[Material for the task — start]

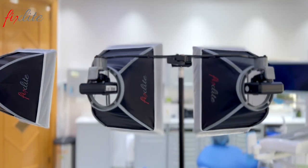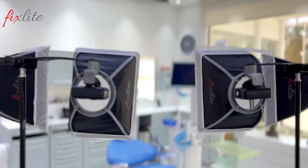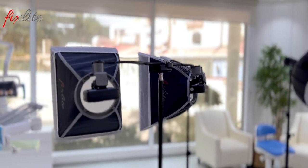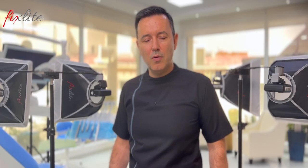Creating a solution like Fixed Light Duo, I was trying to think from a practical point of view and also from a financial point of view, comparing the price of the second fixed light and the macro flashes with the price of a good studio big flash setup.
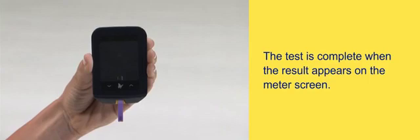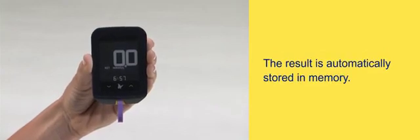The test is complete when the result appears on the meter screen. The result is automatically stored in memory.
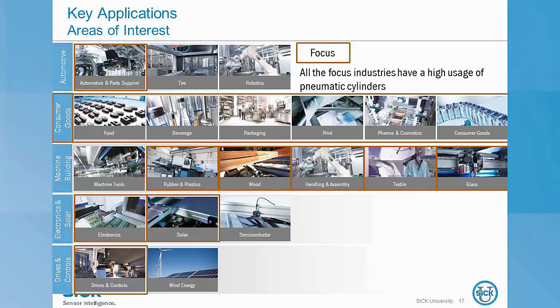Now we can talk about some applications. The T7 cylinder sensor will go on any pneumatic cylinder or gripper and the primary markets are those with higher usage. It's pretty universal in factory automation: assembly and handling machines, packaging machines, and electronics production. The MZT7 is the ideal solution for a multitude of applications and the widest range of cylinder types.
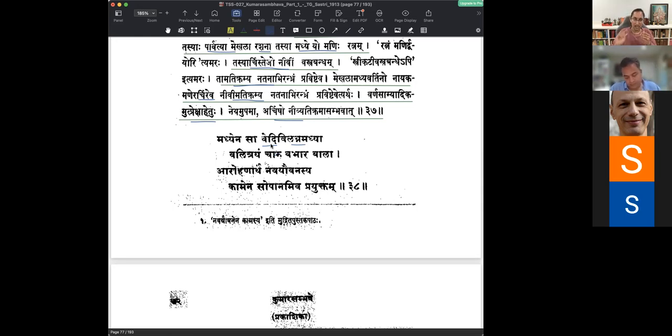Vedi Vilagna Madhyaya Sa, Tadrisham Madhyena, Krishenam Madhyena - Valitrayam Charu Valitrayam Babhara. She had beautiful three lines that were present, three folds or three lines visible on her waist. He describes them as folds of skin, but it is more like three lines visible on the waist, similar to how some people have lines on the forehead. She possessed beautiful three lines - Charu Valitrayam Babhara.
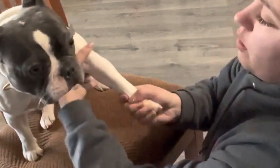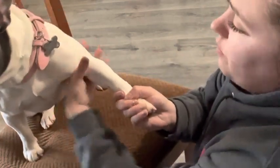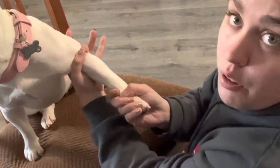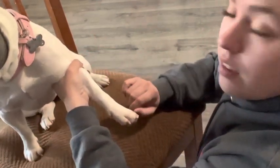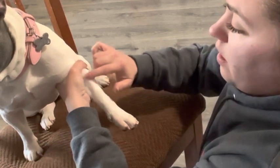So basically what you're going to do, you're going to stretch the dog's leg out like this. Grab with your two fingers and twist. Now right here, you can see it right here. That's the vein.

[Material for the task — finish]

What to do:
Return only the line with "The test is" and the lines after it up to the end of the records, exact and free of pictures.

Written response:
The test is complete when the result appears on the meter screen. The result is automatically stored in memory.
Now we can talk about some applications. The T7 cylinder sensor will go on any pneumatic cylinder or gripper and the primary markets are those with higher usage. It's pretty universal in factory automation: assembly and handling machines, packaging machines, and electronics production. The MZT7 is the ideal solution for a multitude of applications and the widest range of cylinder types.
Vedi Vilagna Madhyaya Sa, Tadrisham Madhyena, Krishenam Madhyena - Valitrayam Charu Valitrayam Babhara. She had beautiful three lines that were present, three folds or three lines visible on her waist. He describes them as folds of skin, but it is more like three lines visible on the waist, similar to how some people have lines on the forehead. She possessed beautiful three lines - Charu Valitrayam Babhara.
So basically what you're going to do, you're going to stretch the dog's leg out like this. Grab with your two fingers and twist. Now right here, you can see it right here. That's the vein.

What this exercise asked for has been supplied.